St-Germain-en-Laye,

Chambers's Encyclopaedia, Volume 9: Bound to Swansea, p. 87

St-Germain-en-Laye, a town of France, dept. Seine-et-Oise, stands on an eminence above the Seine, with a royal forest (10,000 acres) behind it and the river before it, Paris in the distance, 13 miles to the E. by rail. Above the river runs the famous terrace (2625 yards long by 115 feet wide), made by Lenôtre in 1672. The historic associations cluster round the old royal castle, which, until Louis XIV. removed the court to Versailles, was the favourite residence of the kings of France.

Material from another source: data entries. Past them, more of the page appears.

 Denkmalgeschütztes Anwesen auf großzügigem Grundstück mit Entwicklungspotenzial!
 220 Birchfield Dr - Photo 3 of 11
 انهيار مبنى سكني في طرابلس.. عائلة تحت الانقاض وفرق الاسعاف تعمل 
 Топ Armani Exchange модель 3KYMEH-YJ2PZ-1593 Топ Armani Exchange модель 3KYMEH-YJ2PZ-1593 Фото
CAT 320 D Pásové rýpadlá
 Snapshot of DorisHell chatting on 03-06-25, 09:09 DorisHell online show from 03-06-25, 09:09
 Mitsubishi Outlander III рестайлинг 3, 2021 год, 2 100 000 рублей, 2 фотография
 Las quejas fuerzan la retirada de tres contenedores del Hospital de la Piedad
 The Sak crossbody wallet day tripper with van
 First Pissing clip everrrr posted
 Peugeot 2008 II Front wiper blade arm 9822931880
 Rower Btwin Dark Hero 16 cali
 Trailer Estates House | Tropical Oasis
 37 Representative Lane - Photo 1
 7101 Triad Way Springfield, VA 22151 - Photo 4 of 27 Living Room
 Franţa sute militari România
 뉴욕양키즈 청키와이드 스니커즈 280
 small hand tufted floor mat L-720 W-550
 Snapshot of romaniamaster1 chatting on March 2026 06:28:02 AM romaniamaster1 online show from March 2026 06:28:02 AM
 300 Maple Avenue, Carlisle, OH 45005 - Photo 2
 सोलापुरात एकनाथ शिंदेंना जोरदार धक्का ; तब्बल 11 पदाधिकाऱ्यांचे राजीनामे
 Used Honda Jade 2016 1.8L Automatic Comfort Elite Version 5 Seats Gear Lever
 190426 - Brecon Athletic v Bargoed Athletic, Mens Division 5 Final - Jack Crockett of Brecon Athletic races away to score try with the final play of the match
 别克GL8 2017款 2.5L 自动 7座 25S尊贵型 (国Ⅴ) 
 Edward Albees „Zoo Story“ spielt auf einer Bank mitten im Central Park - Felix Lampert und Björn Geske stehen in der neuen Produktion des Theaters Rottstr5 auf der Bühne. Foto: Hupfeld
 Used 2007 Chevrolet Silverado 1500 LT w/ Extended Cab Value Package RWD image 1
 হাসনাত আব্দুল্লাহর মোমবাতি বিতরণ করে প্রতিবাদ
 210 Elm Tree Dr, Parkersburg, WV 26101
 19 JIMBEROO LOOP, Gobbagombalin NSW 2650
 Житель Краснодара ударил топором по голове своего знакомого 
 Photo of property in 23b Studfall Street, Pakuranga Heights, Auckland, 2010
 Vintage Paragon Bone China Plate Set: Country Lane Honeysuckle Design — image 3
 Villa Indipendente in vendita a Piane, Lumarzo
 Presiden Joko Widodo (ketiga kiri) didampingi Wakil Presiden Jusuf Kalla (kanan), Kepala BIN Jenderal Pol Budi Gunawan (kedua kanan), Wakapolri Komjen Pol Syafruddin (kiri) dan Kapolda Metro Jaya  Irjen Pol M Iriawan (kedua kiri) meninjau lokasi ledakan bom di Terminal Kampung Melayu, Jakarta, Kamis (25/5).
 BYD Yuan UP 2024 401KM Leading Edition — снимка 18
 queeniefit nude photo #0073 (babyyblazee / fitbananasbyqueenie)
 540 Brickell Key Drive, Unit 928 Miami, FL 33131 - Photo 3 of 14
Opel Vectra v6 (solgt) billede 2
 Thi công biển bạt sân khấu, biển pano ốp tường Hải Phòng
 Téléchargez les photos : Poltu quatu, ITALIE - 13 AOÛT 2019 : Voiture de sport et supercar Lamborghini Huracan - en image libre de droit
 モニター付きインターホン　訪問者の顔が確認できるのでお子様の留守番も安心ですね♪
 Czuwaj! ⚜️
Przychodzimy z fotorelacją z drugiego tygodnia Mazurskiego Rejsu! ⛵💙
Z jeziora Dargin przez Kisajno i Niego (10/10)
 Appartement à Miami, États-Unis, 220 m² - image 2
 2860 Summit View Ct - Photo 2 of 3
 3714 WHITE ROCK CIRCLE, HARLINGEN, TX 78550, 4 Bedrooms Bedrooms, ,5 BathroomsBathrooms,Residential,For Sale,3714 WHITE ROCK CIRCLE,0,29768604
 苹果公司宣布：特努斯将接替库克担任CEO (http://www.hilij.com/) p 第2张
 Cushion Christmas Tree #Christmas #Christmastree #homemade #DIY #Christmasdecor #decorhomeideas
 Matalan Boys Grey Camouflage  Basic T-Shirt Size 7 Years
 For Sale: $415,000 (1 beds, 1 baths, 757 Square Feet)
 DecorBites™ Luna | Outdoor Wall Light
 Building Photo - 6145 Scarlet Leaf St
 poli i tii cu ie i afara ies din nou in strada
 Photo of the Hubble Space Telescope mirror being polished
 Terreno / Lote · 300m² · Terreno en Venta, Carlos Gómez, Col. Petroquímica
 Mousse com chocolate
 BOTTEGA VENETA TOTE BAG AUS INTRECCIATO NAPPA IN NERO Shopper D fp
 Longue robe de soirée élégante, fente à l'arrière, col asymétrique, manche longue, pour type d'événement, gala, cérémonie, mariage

Here were born Henry II., Charles IX., Louis XIII., and Louis XIV., and here died Louis XIII. King James II. of England lived in this castle from 1689 to his death in 1701. After that it was turned into barracks, then into a military prison, and finally by Napoleon III. into a museum of Gallo-Roman antiquities. Peace was signed within its walls between Charles IX. and the Huguenots in 1570, and the peace between France and Brandenburg in 1679. The Fête des Loges, one of the most popular of popular festivals, is held annually at a chapel in the forest. The people (15,997 in 1886) manufacture woollens and cottons. See Lacombe, Le Château de St-Germain (4th ed. 1874).—St Germain-des-Prés, named like the other from Germanus (q.v.), was a famous Benedictine monastery near Paris (see MAURISTS). Its church (1001-1163) ranks as the oldest in Paris.